- WHAT YOU HAVE TO DO: Retype every record exactly. Skip the images.

Web page caption snippets:
= = = = = = =
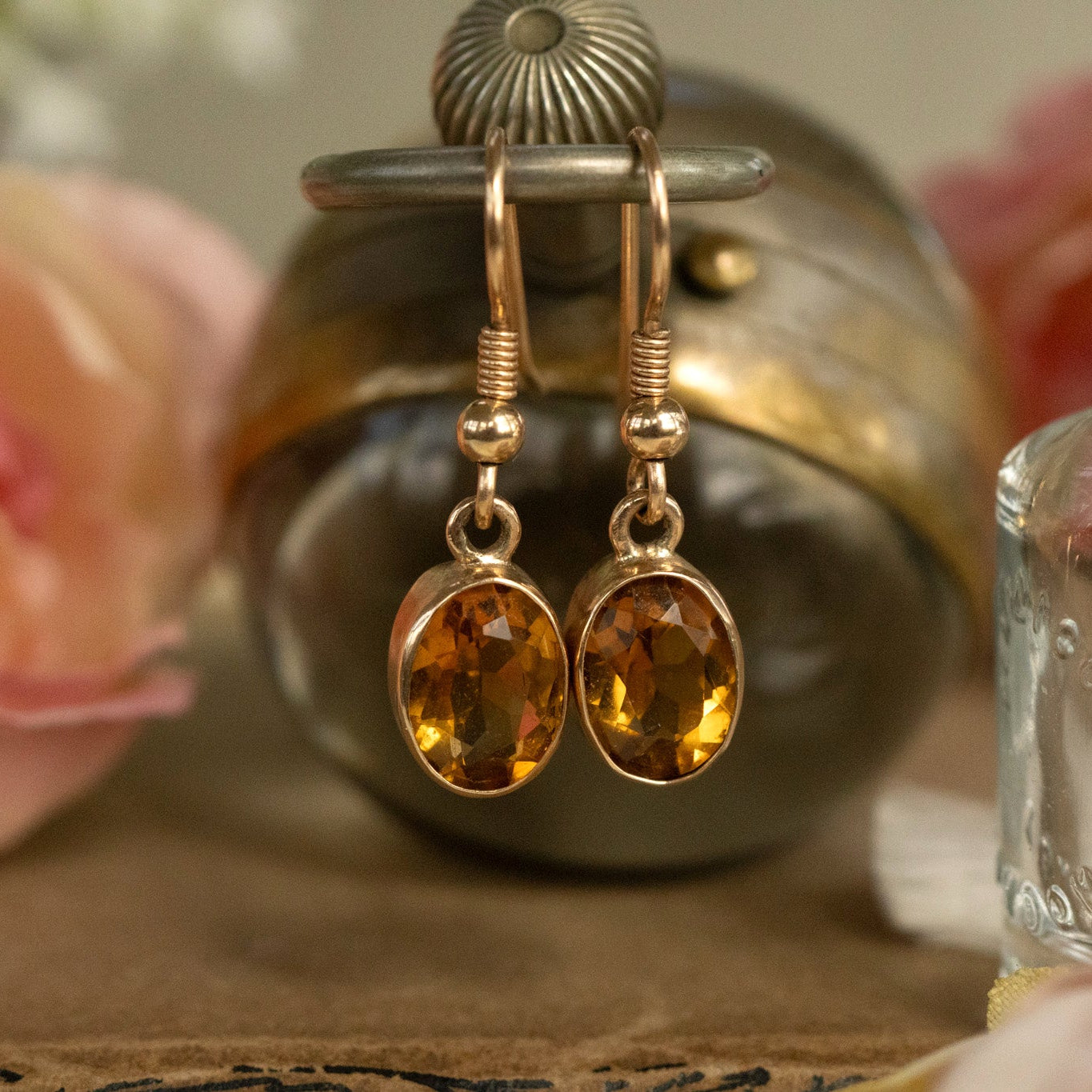 9CT GOLD SUNNY CITRINE DROP EARRINGS image 0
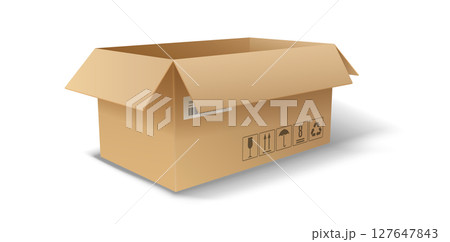 Open Cardboard Box with Shipping Symbols 127647843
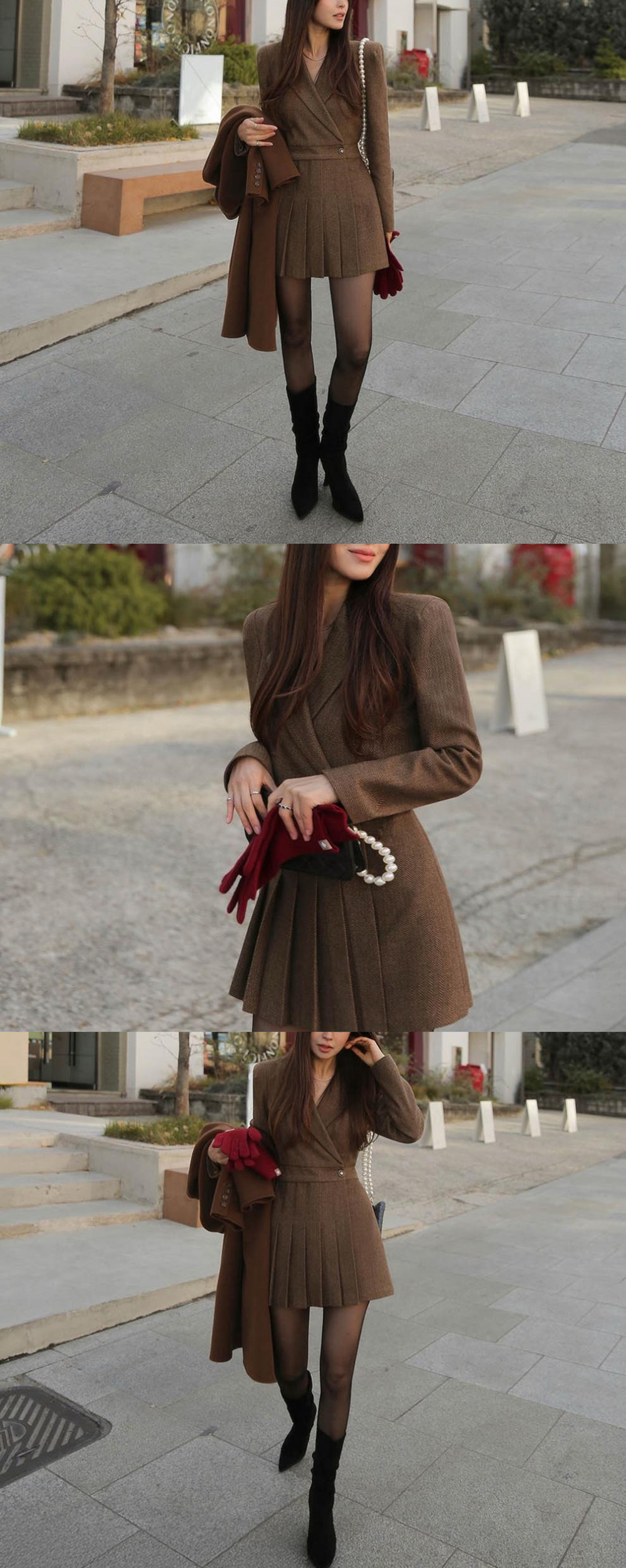 復古西裝感修身短洋裝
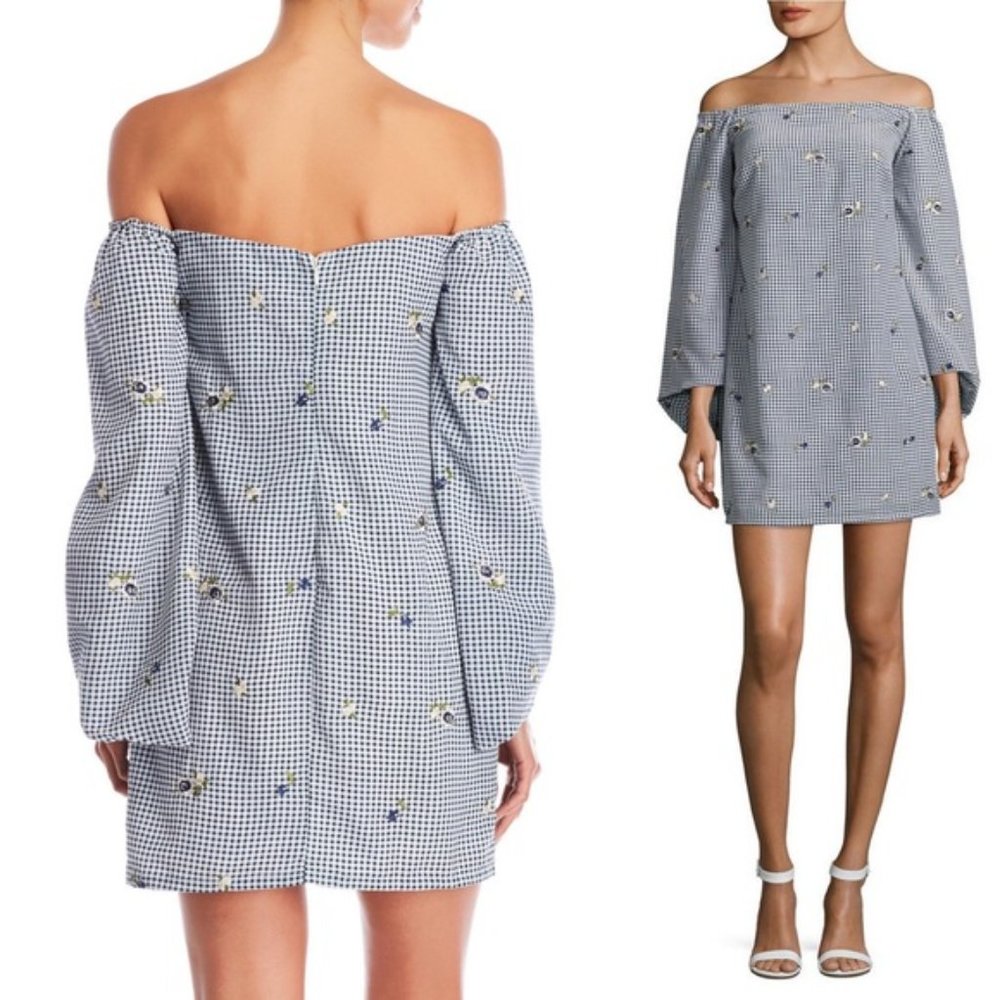 Lucy Paris Gingham Floral Strapless Off shoulder Shift Mini Dress S Blue White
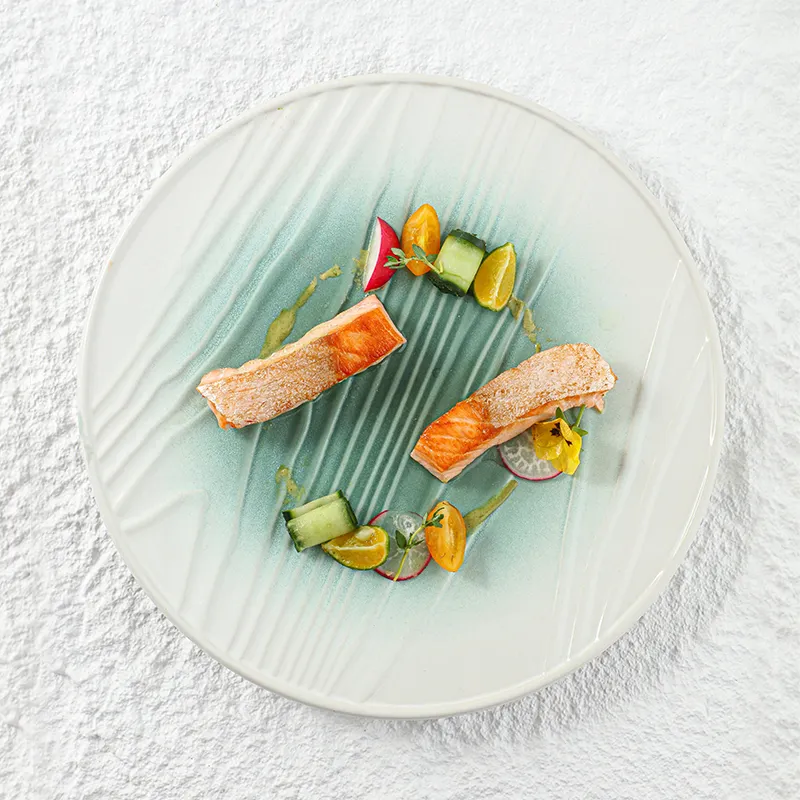 Unique Color Glazed Stripe Design Porcelaine Sashimi Sushi Fancy French Provincial Party Ceramic Catering Dinnerware Plates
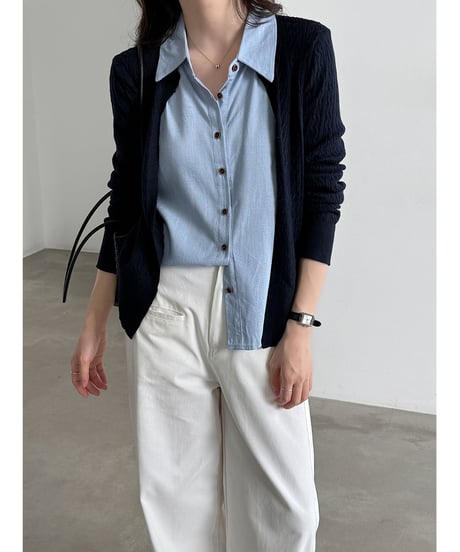 layered knit cardigan / 2color　hm3253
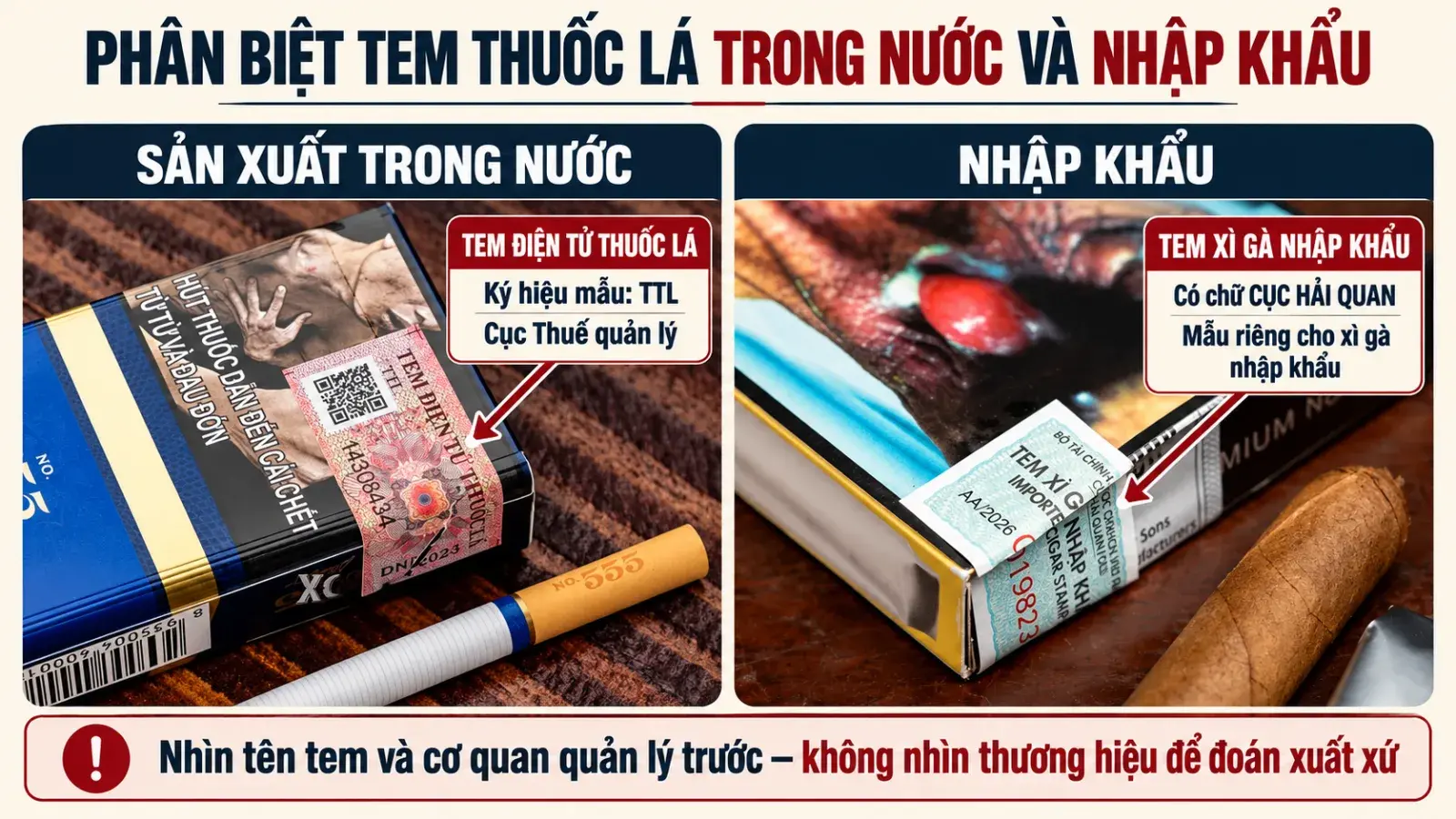 Ảnh thật so sánh tem điện tử thuốc lá sản xuất trong nước trên gói 555 và tem xì gà nhập khẩu trên hộp Villiger, có chú thích cơ quan quản lý.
= = = = = = =
- TASK RESULT:
 9CT GOLD SUNNY CITRINE DROP EARRINGS image 0
 Open Cardboard Box with Shipping Symbols 127647843
 復古西裝感修身短洋裝
 Lucy Paris Gingham Floral Strapless Off shoulder Shift Mini Dress S Blue White
 Unique Color Glazed Stripe Design Porcelaine Sashimi Sushi Fancy French Provincial Party Ceramic Catering Dinnerware Plates
 layered knit cardigan / 2color　hm3253
 Ảnh thật so sánh tem điện tử thuốc lá sản xuất trong nước trên gói 555 và tem xì gà nhập khẩu trên hộp Villiger, có chú thích cơ quan quản lý.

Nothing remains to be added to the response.